On Jun 18, 11 22:32, alphabeta wrote:
On 18/06/11 11:30 PM, Ali Çehreli wrote:
On Sat, 18 Jun 2011 02:59:07 -0700, Jonathan M Davis wrote:
toWStringz to match toStringz
That's amusing. :) toString is a name that morphs the type name (string -
String) due to following an insufficient naming standard adamantly. In
a perfect world the name of the function should be to_string (or
fortunately to!string in D's case).
Although this naming standard produces that broken name, we stop
following it when producing the name of a sister function. The logic that
produced toString should insist on toWstring. :p (Or perhaps we are
implying that wstring should be wString or WString to begin with?)
I humbly recommend that we put some more engineering in programming in
general but at least when naming. Camel casing is broken as it produces
the same name for two separate types:
string -> toString
String -> toString
I know it's too late for toString but it should be fine to use
underscores where camel casing doesn't work:
string -> to_string
String -> to_String
Ali
This is a good observation, namely
> string -> toString
> String -> toString
The same situation arises when trying to CamelCase acronyms.

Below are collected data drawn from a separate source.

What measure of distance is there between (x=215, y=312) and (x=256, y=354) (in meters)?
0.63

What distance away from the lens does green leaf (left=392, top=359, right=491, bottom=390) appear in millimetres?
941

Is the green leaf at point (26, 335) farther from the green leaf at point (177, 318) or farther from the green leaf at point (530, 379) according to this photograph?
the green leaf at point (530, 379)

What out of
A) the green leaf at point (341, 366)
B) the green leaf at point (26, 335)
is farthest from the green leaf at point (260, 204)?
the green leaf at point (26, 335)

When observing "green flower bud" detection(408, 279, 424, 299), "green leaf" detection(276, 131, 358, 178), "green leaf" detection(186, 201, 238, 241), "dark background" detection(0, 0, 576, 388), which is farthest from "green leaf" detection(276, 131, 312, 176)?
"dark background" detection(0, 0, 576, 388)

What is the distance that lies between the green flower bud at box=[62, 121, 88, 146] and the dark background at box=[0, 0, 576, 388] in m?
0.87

In aerospace/defence domains that I have worked in, such ambiguities are
not allowed and the use of acronyms in code identifiers must be
delineated with underscores. I can't think of a really good mal-example
right now but I'm sure others have tripped up on this issue before in
much less than moon-shot projects.
ab
IMO having 'string' and 'String' meaning different types is a bigger
problem than having two 'toString' method.